Bizarre! Why Some Couples Don't Marry
They really want to say 'I do.' But instead of getting married, many couples today are just living together. Why? Weddings are too expensive.
That's the word from a University of Michigan researcher who says that with the average cost of a traditional wedding approaching $20,000 (or more depending on where you live), a lack of money rather than love or commitment may be the reason so many young couples are living together instead of getting married.
Tradition has been burned by the almighty dollar.
"Financial barriers to marriage are a significant issue for many young, working- and middle-class couples as well as for the poor and near-poor," Pamela Smock, sociologist and the associate director of the U-M Institute for Social Research, said in a news release. "Despite the retreat from marriage, it remains a highly valued status." It's just not easily attainable.
Many studies have shown that people who are economically well-off are not only more likely to get married, but also to stay married. This new research by Smock and Bowling Green State University sociologist Wendy Manning suggests that the wedding budget pinch is being felt by more than low-income couples.
The study: Smock and Manning interviewed 115 young adults who were either living with a lover or had just recently cohabitated.

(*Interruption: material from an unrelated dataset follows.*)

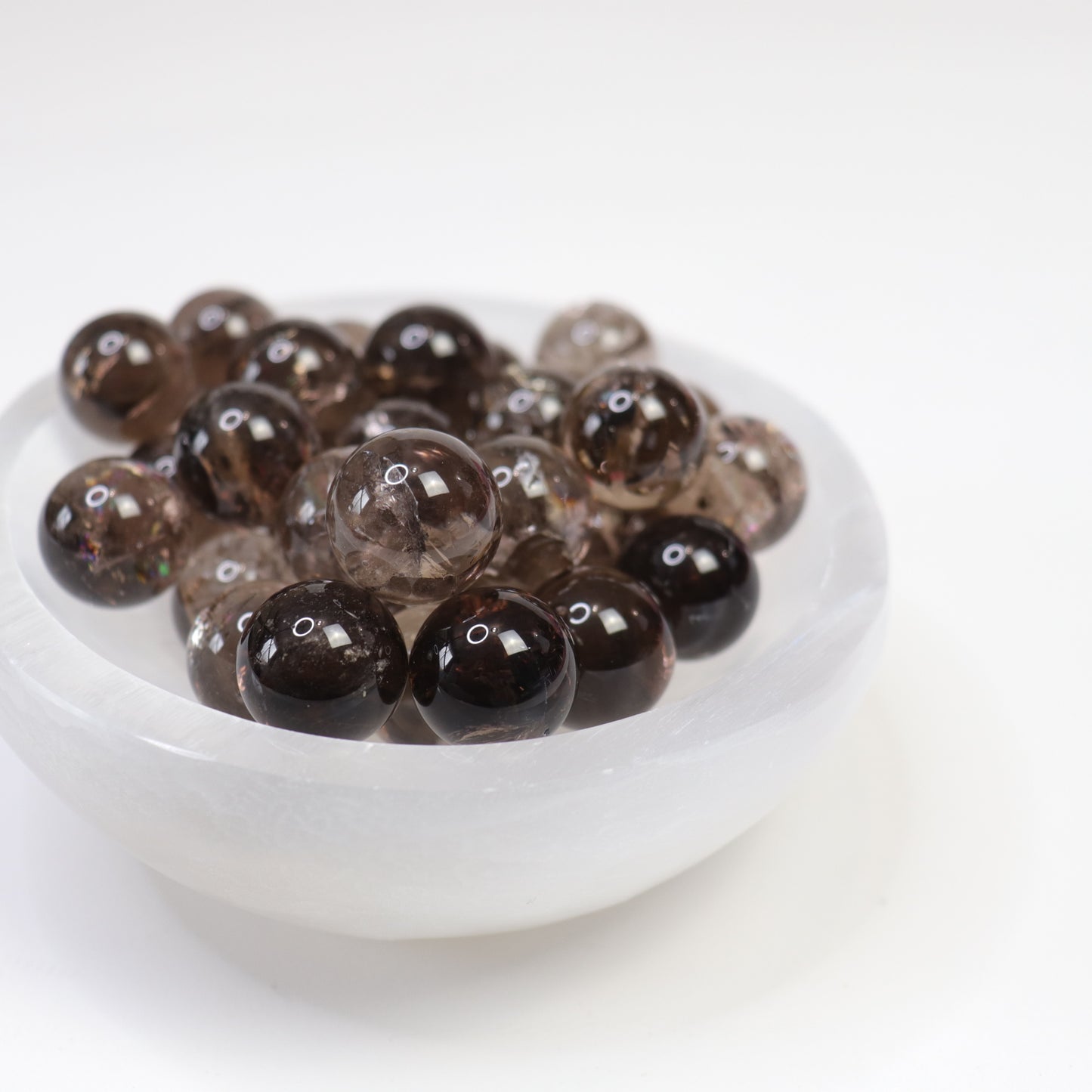 Smoky Quartz Spheres - Crescents & Crystals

The majority earned less than $20,000 a year, while only 7 percent earned more than $40,000. They were each asked what they needed to have "in place" in order to marry.

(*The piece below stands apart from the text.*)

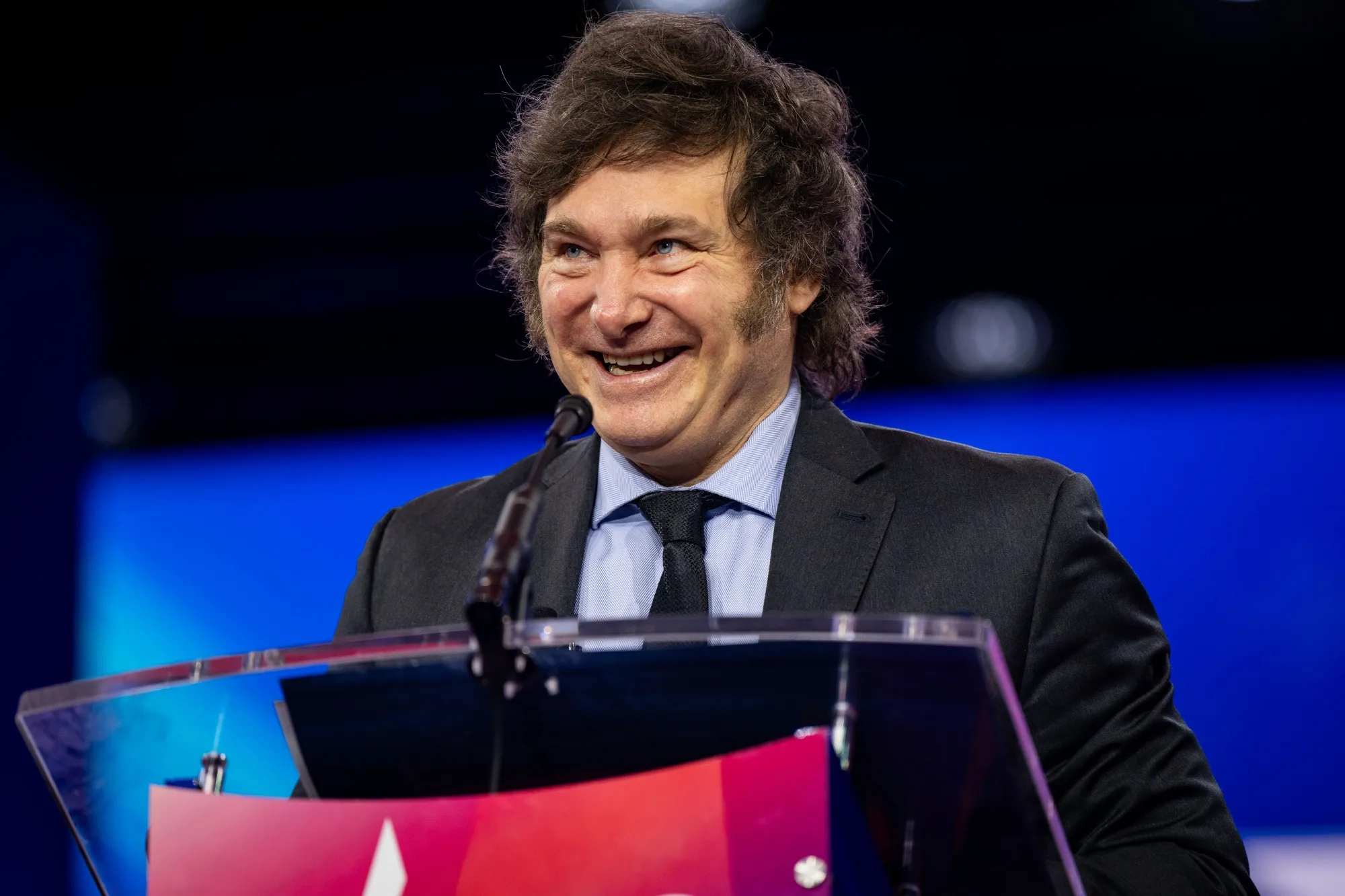 Javier Milei speaks at the Conservative Political Action Conference in National Harbor, Maryland on Feb. 24.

The results: Nearly 75 percent of those interviewed cited at least one economic factor that must be in place before they could marry. "Having enough money was a common consideration, along with the view that marriage signifies that one is no longer struggling economically; in essence, that marriage comes when one has already achieved a certain economic status," Smock said. "Most commonly, this status includes home ownership, getting out of debt, financial stability, and essentially not living paycheck to paycheck." In addition, the team found that having enough money to afford what the couples called "a real wedding" was of great concern for many.
Getting married in front of the justice of the peace in the local courthouse didn't qualify as "a real wedding." Couples said they were willing to delay marriage until they could afford a traditional church wedding and reception. Many noted that their parents were unable to help with wedding expenses, so that financial burden would fall on the couple.
One interesting finding: The researchers also found that nearly 25 percent of men and women believed that the decision to marry would be postponed until the man earned enough to support the couple as the primary breadwinner. "Despite the prevailing view that cohabitors are less invested in tradition than those who do not cohabit, many make a direct and conscious connection between willingness to marry and the male partner's ability to provide," Smock explained.
High expectations for marriage are causing a retreat from marriage. "We expect so much from marriage that we avoid it until it is clear that our expectations will be met," she said. "I'm putting my money on marriage. Whether cohabitation becomes more like marriage or marriage more like cohabitation, something like marriage is here to stay."